» **Task details**
What is needed is an exact transcription of every record, minus the pictures.

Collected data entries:
Content starts

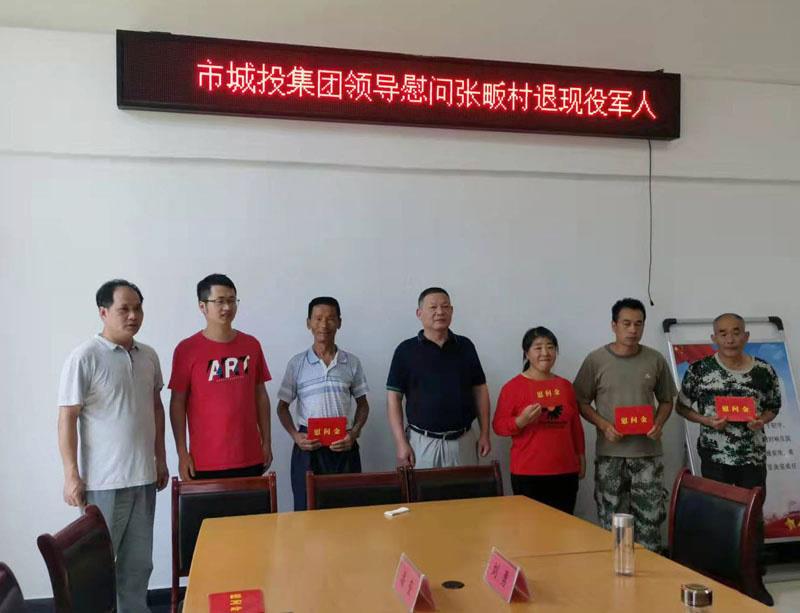 2郭立刚与张畈村退役军人合影.jpg 2郭立刚与张畈村退役军人合影.jpg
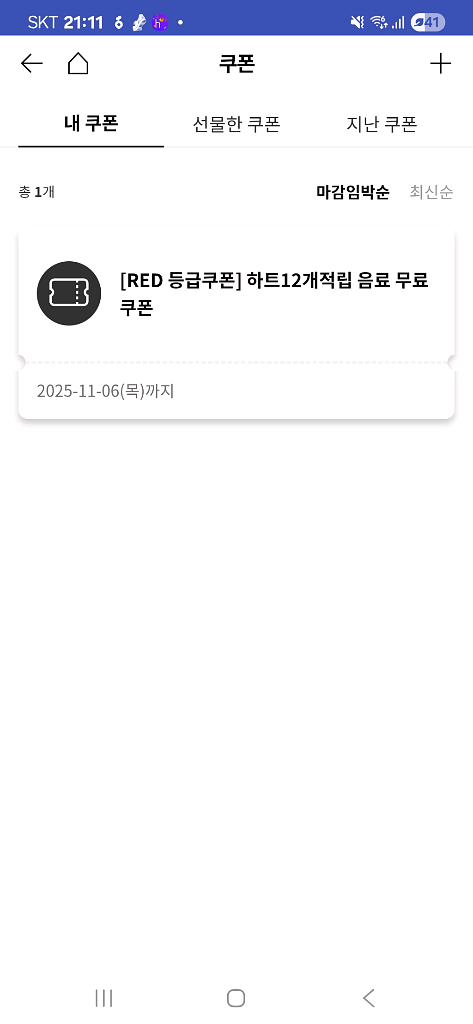 투썸플레이스 음료 쿠폰--0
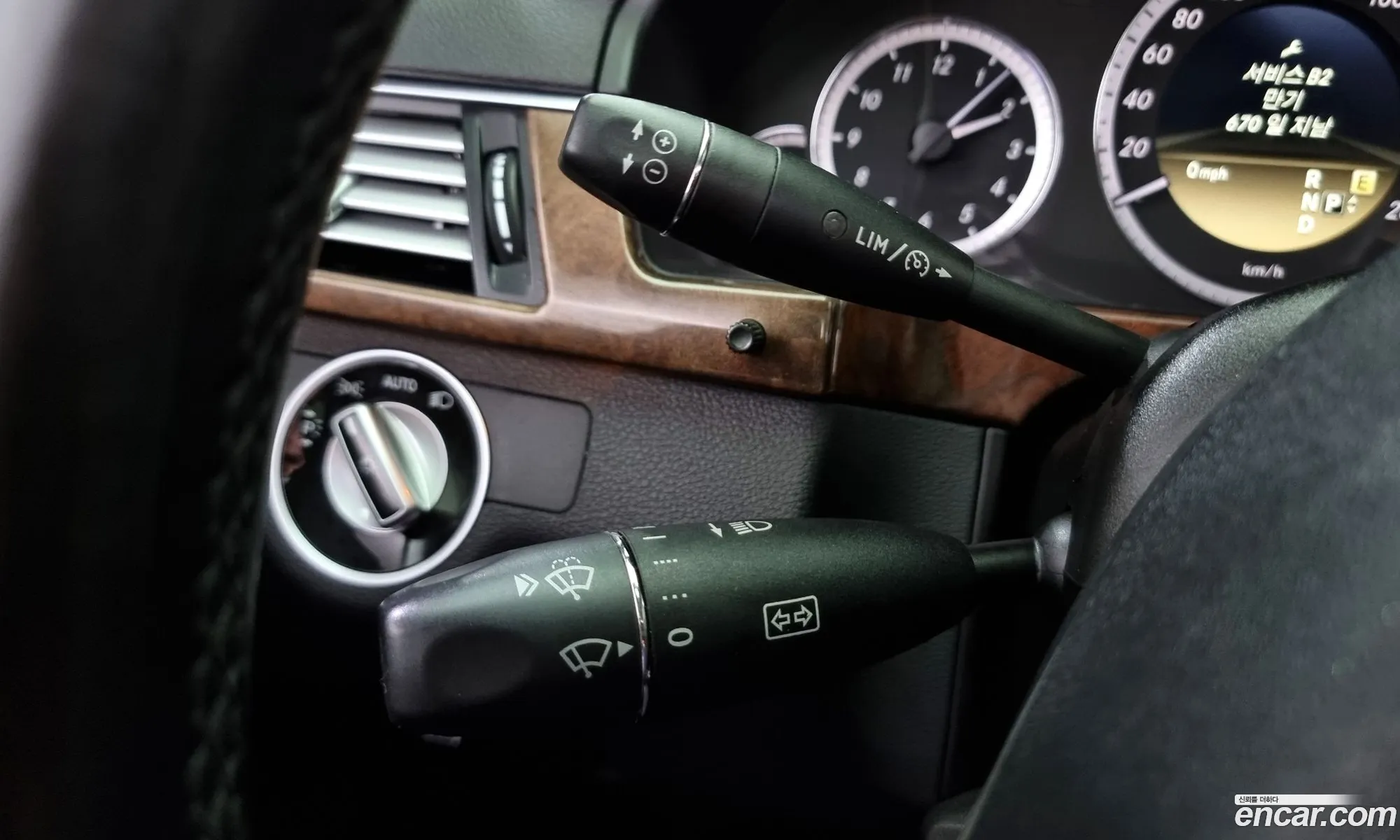 Korex Auto Trade - фотография 12703092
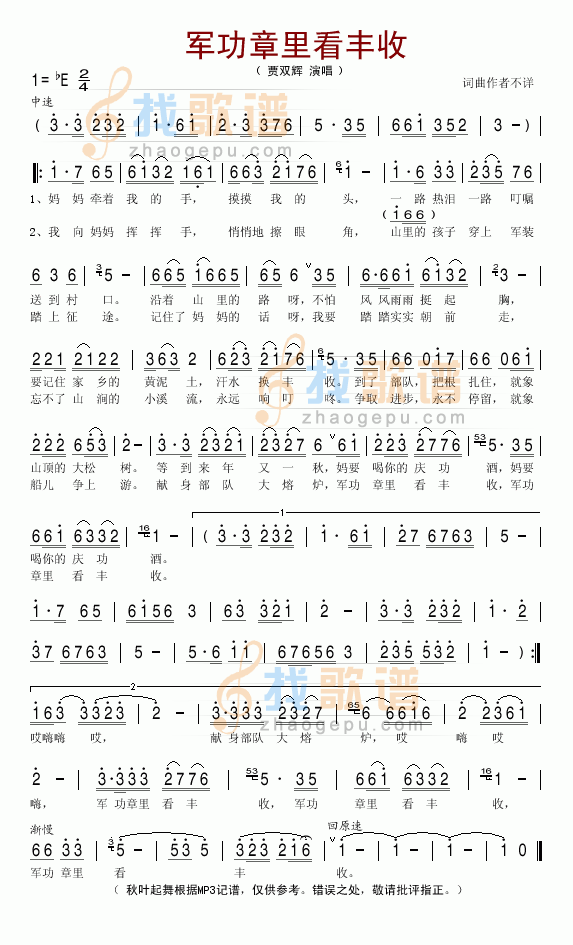 军功章里看丰收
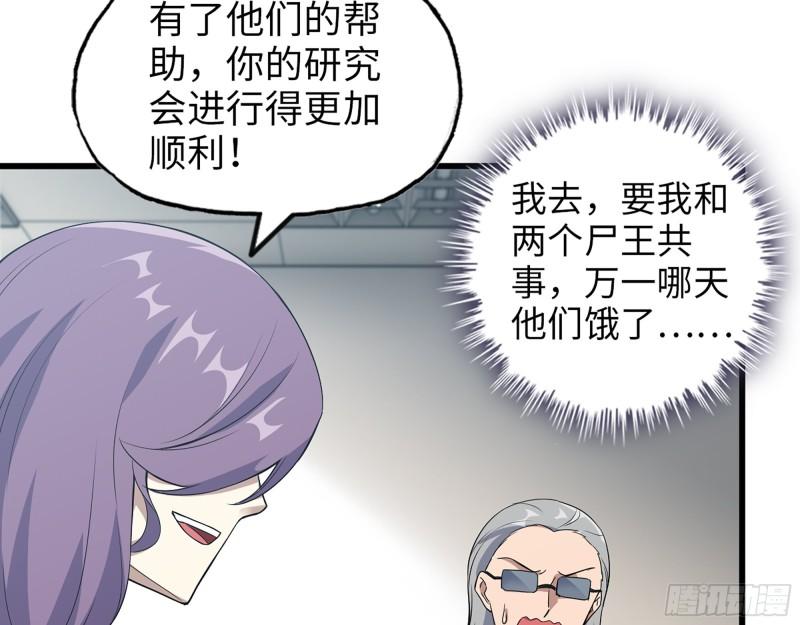 500- 值得信赖4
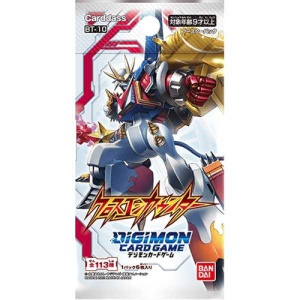 Digimon Card Game: Booster Pack - Xros Encounter BT10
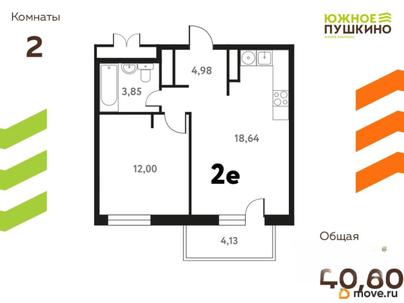 2-комн. квартира, 40.8 м&sup2;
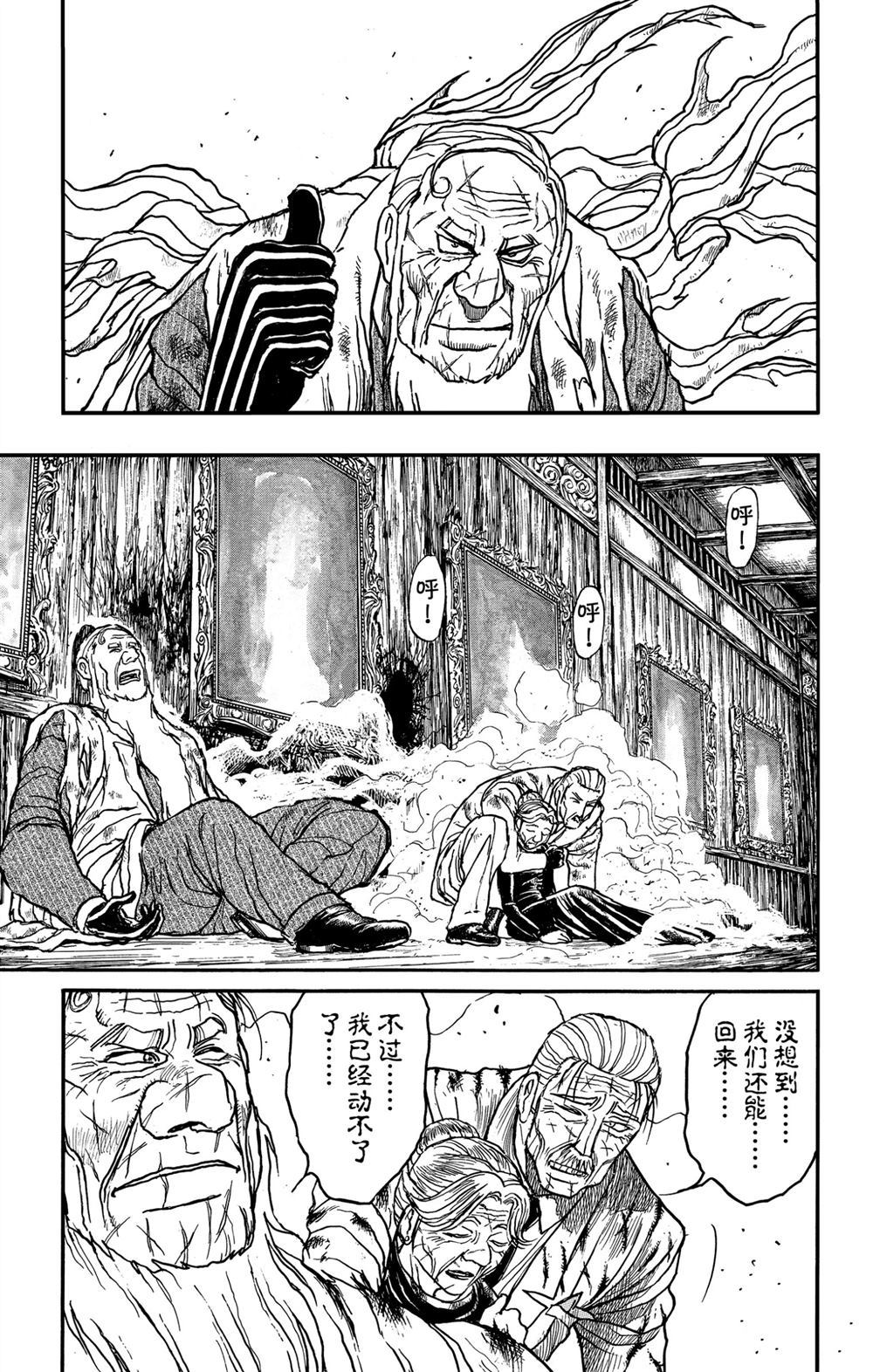 《破坏死亡亭》第182话 第17页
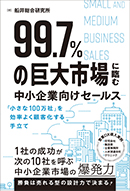 99.7%の巨大市場に臨む中小企業向けセールス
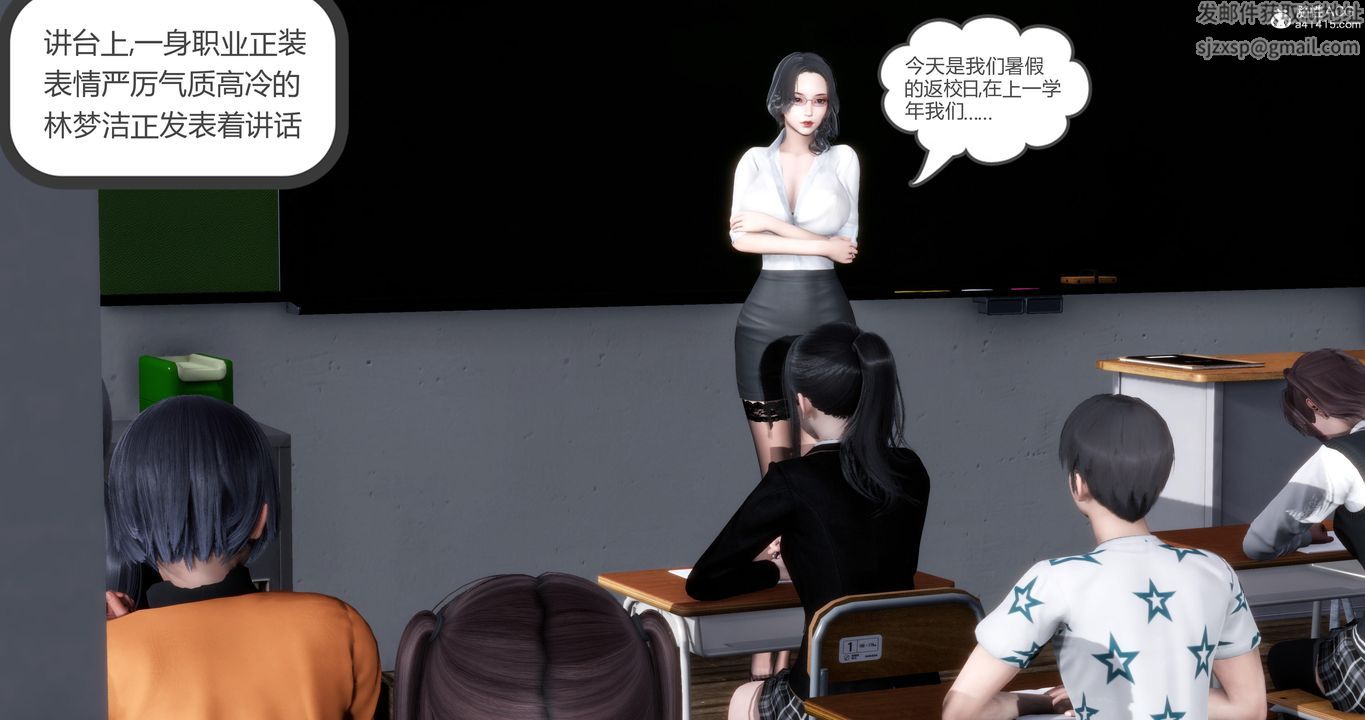 [3D]妈妈和女友是仇敌的性奴第05章【第1话】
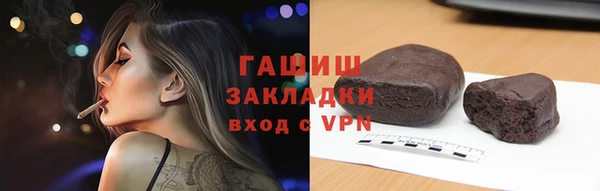 мефедрон Каменск-Шахтинский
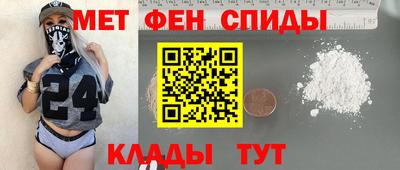 хмурый Таганрог
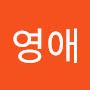 @강영애-s7r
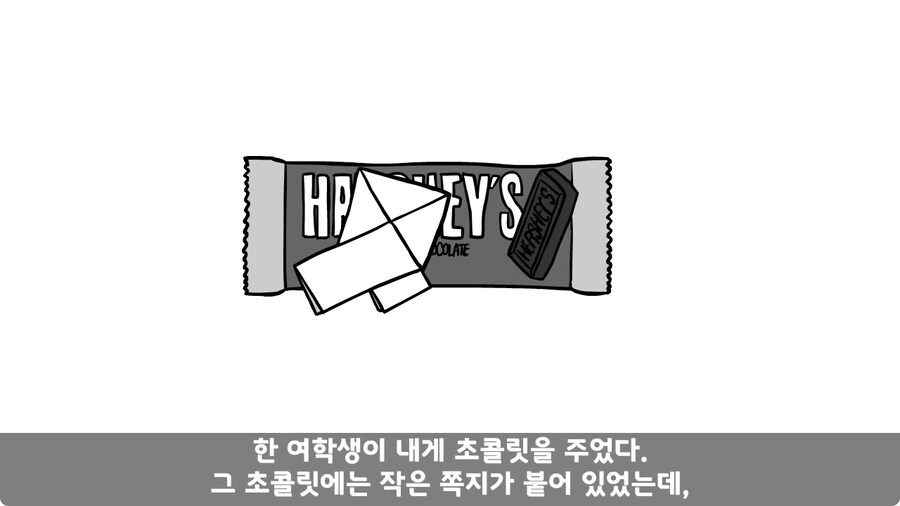 군대에서 여친이랑 헤어진 썰.jpg_12.jpg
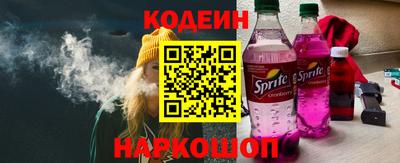 синтетический гашиш Краснодар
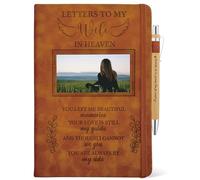 Wife Grieving Gift, Sympathy Condolence Remembrance Memorial Gifts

Content ends

» **Response box**
 2郭立刚与张畈村退役军人合影.jpg 2郭立刚与张畈村退役军人合影.jpg
 투썸플레이스 음료 쿠폰--0
 Korex Auto Trade - фотография 12703092
 军功章里看丰收
 500- 值得信赖4
 Digimon Card Game: Booster Pack - Xros Encounter BT10
 2-комн. квартира, 40.8 м&sup2;
 《破坏死亡亭》第182话 第17页
 99.7%の巨大市場に臨む中小企業向けセールス
 [3D]妈妈和女友是仇敌的性奴第05章【第1话】
 мефедрон Каменск-Шахтинский
 хмурый Таганрог
 @강영애-s7r
 군대에서 여친이랑 헤어진 썰.jpg_12.jpg
 синтетический гашиш Краснодар
 Wife Grieving Gift, Sympathy Condolence Remembrance Memorial Gifts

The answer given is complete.